Further, the second weight calculating means (S2) averages the sampling data within the valid data interval (T) and calculates the static weight value of the total weight of the human and the horse.

When the static weight value of the total of humans and horses is determined, the subtraction unit (S3) subtracts the previously calculated static weight value of only humans from the static weight value to obtain the static weight value of only horses. The static weight value is immediately output to the display section (5) for display.

[Another example]

(a) In the previous embodiment, a human rides on the weighing device (2) and, after coming to rest, the horse is guided onto the weighing device (2). If it were possible to calculate the static weight value of a human weighing a horse while walking on the scale (2), it would be possible to
It can also be guided upwards.

b) Various methods can be considered for the first weight calculation means (SL) to determine whether or not the weighed value data is stable. For example, the weighing value data may become stable after a predetermined period of time has elapsed since the first maximum value was detected.
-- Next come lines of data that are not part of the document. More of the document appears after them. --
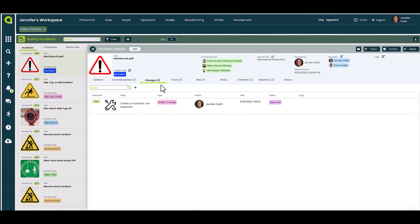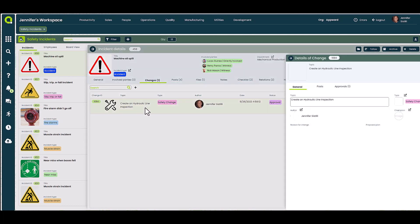In the Changes tab, you can propose a change and detail why it's needed. Once you hit submit, your recommendation is automatically linked to our Changes app. There you can fully detail and track the progress of a change request from review, approval to execution, and keep track of its progress within the safety incident record.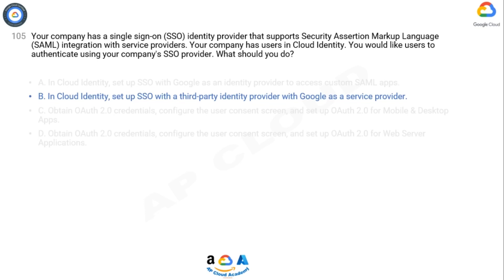Setting up SSO with a third-party identity provider allows you to integrate your company's SSO provider with Google as a service provider. This means that when users try to authenticate, they will be redirected to your company's SSO provider's login page to enter their credentials. Once authenticated, they will be able to access Google services and applications seamlessly without the need for separate login credentials.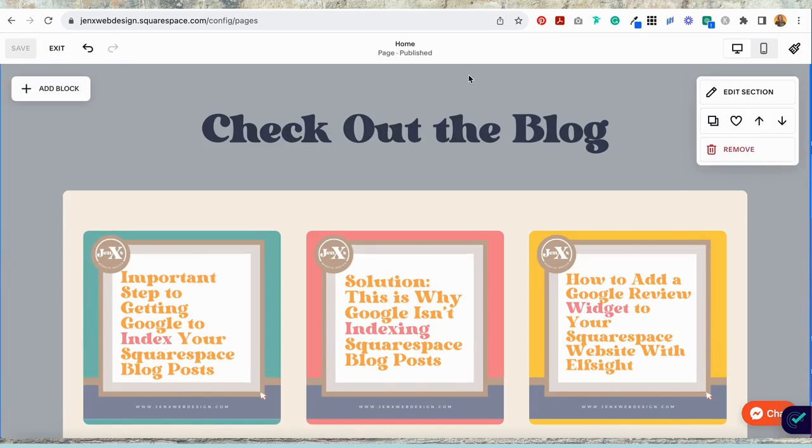Pretty easy, huh? I hope you guys found that helpful. And if you did, please give this video a like. Maybe share it with someone who you think could use some help with this. Consider subscribing to my channel. But most of all, have fun with your Squarespace website.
It is also possible to detect the point in time when the vehicle (2) starts to descend or the point in time when it finishes descending from the vessel (2), and specify the effective data section (T) based on that information. can be applied to things other than humans, and the weighing object can be applied to things other than horses, such as cows.

It should be noted that the present invention is not limited to the structure of the attached drawings by adding or writing numerals in the claims for convenient comparison with the drawings.
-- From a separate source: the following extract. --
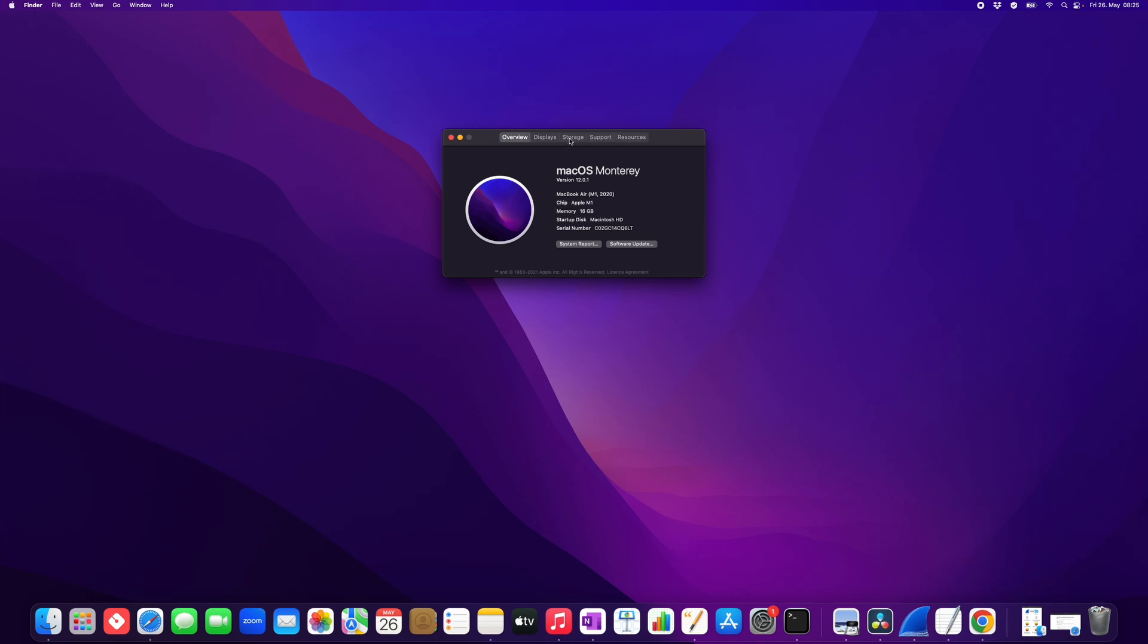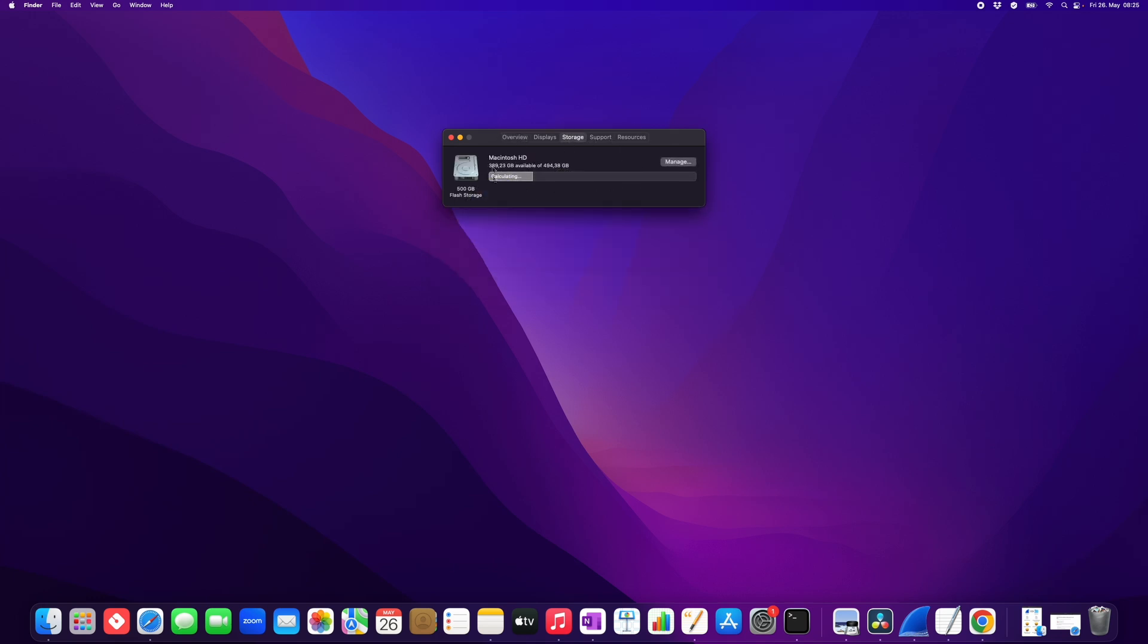Then click the button Storage, and here you can see how much storage you have available. For me it's 389 GB of 494. Here it's calculating. If you wait a little bit, then you see what this storage is used for.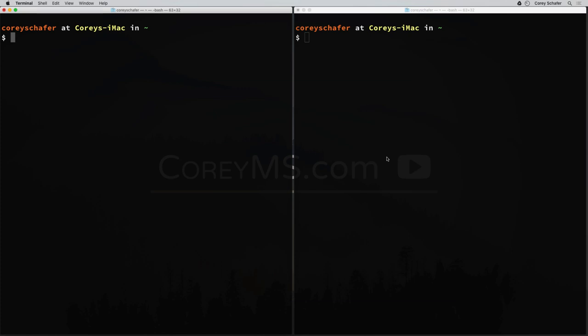Hey there, how's it going everybody? In this video, we'll be learning how to use key-based authentication instead of passwords in order to SSH into a machine. This is much more convenient and also more secure than using passwords.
[Brief explanation of drawings]

The drawings show an embodiment of the weighing device according to the present invention, in which Fig. 1 is a functional block diagram, Fig. 2 is a graph showing an analog signal of a weighed value, and Fig. 3 is a low-pass filter applied to the signal in Fig. 2. Figure 4 is a graph showing the sampling status of area a of the graph in Figure 3, Figure 5 is a graph showing the sampling link status of area b, and Figure 6 is a plan view of the subsequent signal.
FIG. 7 is a side view. (S1)...First weight calculation means, (s2)...
...Second weight calculating means, (S3)...Subtraction means, (2)...Weighing device, (6)...
Notification means.

Claims (1)

[Scope of Claims] 1. A weighing device that weighs a guide object and a weighing object located behind the weighing object by moving them over a weighing device (2), wherein only the guiding object is weighed by passing over a weighing device (2). 2) first weight calculation means (S) for calculating a static weight value of the guiding object from weighing value data from the weighing device (2) while riding on the guiding object;
1), and from the weight value data from the weighing device (2) while the guiding object and the weighing object are on the weighing device (2), the guiding object and the weighing object are combined. a second weight calculating means (S2) for calculating the static weight value determined by the second weight calculating means (S2); and a static weight calculated by the first weight calculating means (S1) from the static weight value calculated by the second weight calculating means (S2). A weighing device provided with a subtraction means (S3) for obtaining a value by subtracting a value. 2. The weighing device according to claim 1, wherein the first weight calculation means (S1) extracts a data portion in which the amplitude of the weighed value data falls within a set range, and based on that data, the first weight calculation means (S1) configured to determine a static weight value of the guided object;
A weighing device comprising a notification means (6) for notifying the completion of weight calculation by the first weight calculation means (S1).